Miller: It’s not good. Historically, France has suffered through the Dreyfus Affair and the Vichy regime. Today, there appears to be an upswing in French anti-Semitism. Segments of the Muslim population certainly aren’t helping. The chief rabbi in Paris has advised Jewish boys not to wear yarmulkes in public because of the harassment they may face. The French government has started compiling statistics to measure what’s going on. Through the first eight months of this year, it recorded nearly 300 acts of anti-Semitism--mostly property damage, but also physical attacks. (There are probably many additional, unreported incidents.) Last fall, after the firebombing of a Jewish school, President Chirac said, “When a Jew is attacked in France, it is an attack on the whole of France.” That’s welcome rhetoric. And as they say, the first step is admitting you have a problem.
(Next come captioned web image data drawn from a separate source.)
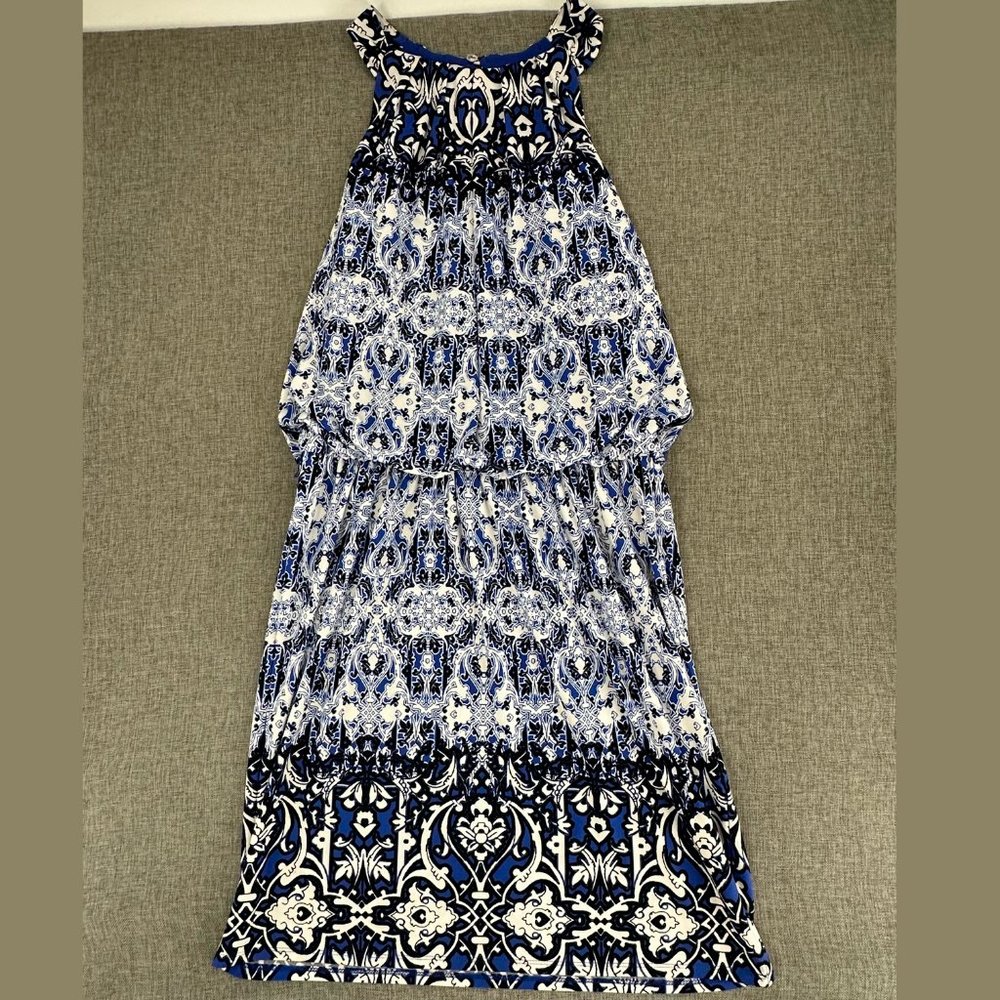 London Times Dress Size 10 Blue & White Elastic Waist Belt Strap Tie Stretch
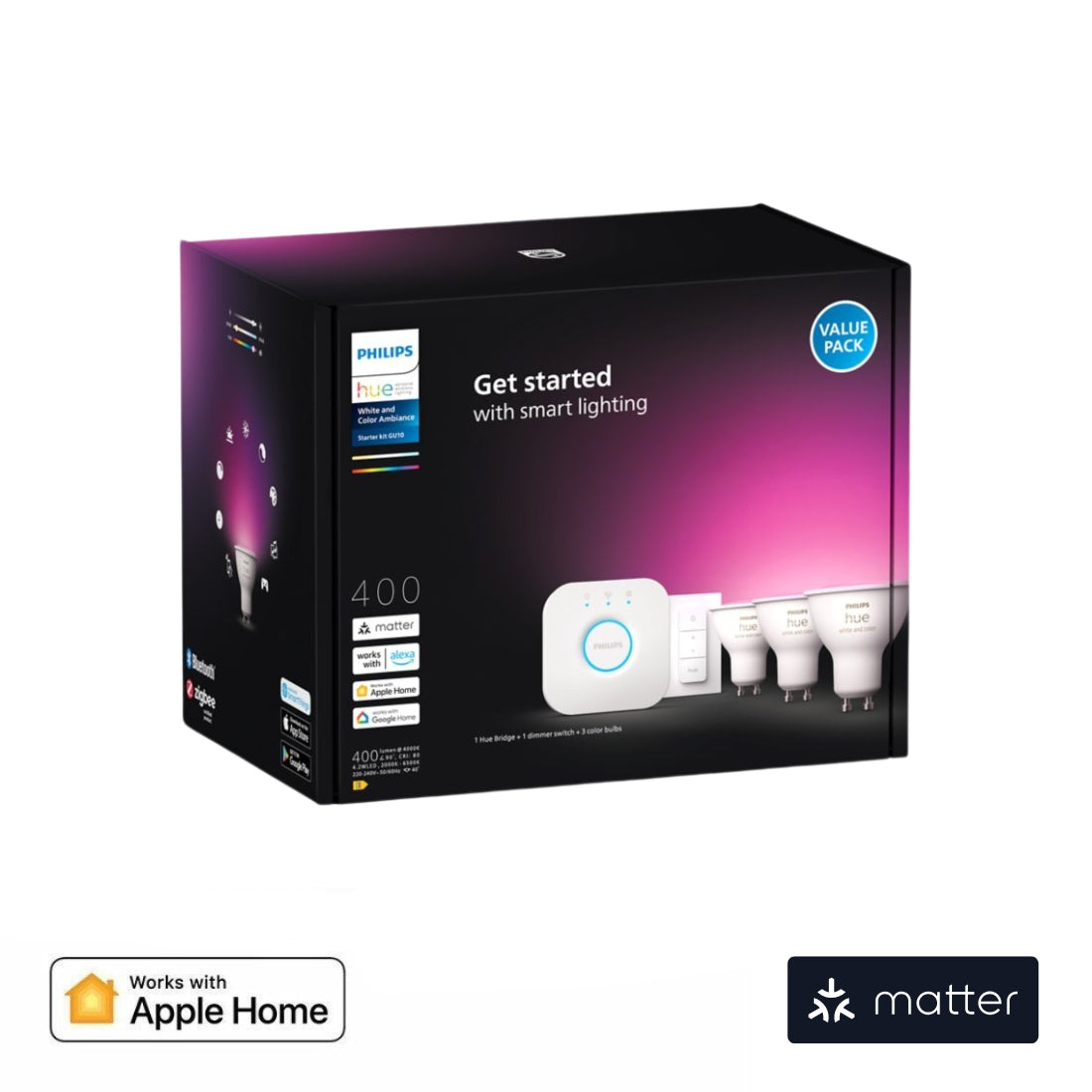 Viedais Apgaismojuma Komplekts Philips Hue 3xWhite and color ambiance GU10 - Burzmart.lv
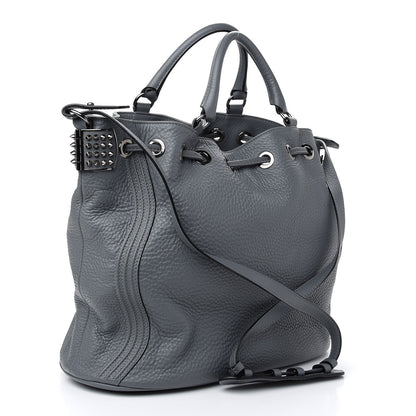 Christian Louboutin Pebbled Calfskin Spiked Dompteuse Bucket Bag Grey 3 of 8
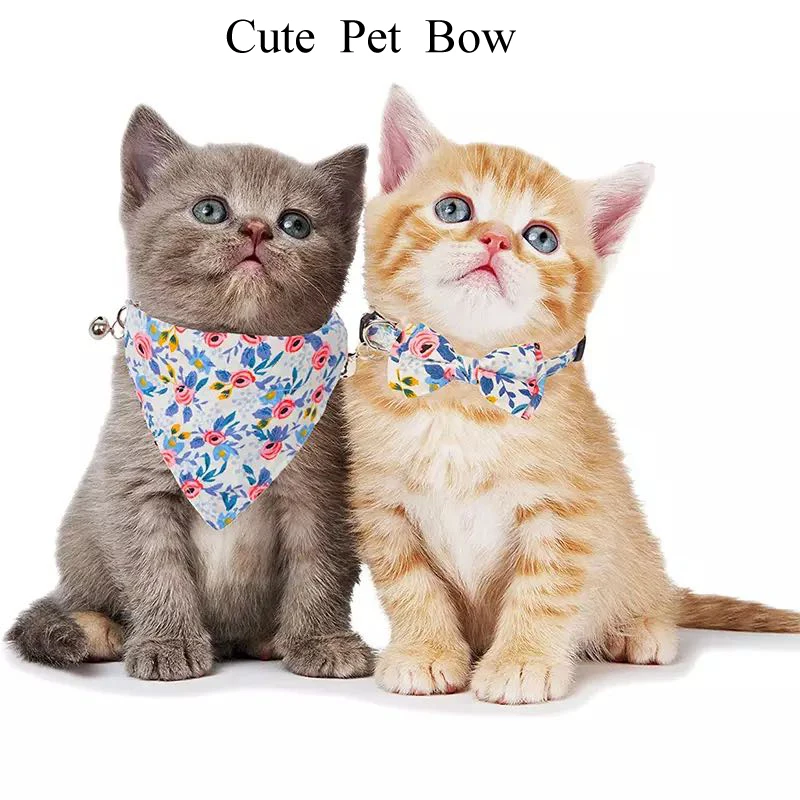 

Pet Clothe Bow Safe Breakaway Clasp Cat Accessories Collar Cute Knot Tie Soft Cotton Flower Pattern Puppy Collars Dogs Necklace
FP: Let’s say Bush wins the election and needs some advice on France. He calls you and tells you he is sick and tired with how the French are blocking American attempts to win the War on Terror and to consolidate democracy in Iraq. He asks you what you think he should do with U.S.-French relations. What do you tell him?

Miller: I’d tell the president to keep on doing what he’s done, which is essentially to ignore the French, or at least to ignore them when it becomes clear that they aren’t interested in cooperating on important international projects. It’s occasionally worth asking for France’s help and support, but never worth pleading for it. The fundamental error that many people make in assessing American relations with France--the error Our Oldest Enemy tries to correct--is believing that France is some foul-weather friend that has always stood by the United States. John Kerry falls into this trap whenever he speaks about the importance of “grand alliances” and the like. What he really means are alliances that include France, as if those that don’t include France aren’t legitimate.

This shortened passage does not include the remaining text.